Your answer must consist of exactly the lines below, starting with the line with "Helios - City" and going on through the line with "Food and drinks", and nothing else.

*** Entries supplied ***

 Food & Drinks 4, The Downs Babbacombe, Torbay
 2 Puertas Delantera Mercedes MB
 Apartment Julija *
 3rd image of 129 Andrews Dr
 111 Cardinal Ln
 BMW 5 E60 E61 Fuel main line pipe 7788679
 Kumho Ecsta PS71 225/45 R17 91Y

*** End of Entries supplied ***
*** Entries supplied ***

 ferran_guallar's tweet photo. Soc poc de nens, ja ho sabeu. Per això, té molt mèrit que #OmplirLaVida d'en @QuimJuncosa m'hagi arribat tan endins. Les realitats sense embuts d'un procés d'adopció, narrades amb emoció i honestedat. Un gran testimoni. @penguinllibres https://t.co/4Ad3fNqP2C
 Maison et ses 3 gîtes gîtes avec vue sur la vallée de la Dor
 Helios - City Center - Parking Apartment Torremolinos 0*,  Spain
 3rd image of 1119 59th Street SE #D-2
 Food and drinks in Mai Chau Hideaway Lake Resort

*** End of Entries supplied ***

Completed task:
 Helios - City Center - Parking Apartment Torremolinos 0*,  Spain
 3rd image of 1119 59th Street SE #D-2
 Food and drinks in Mai Chau Hideaway Lake Resort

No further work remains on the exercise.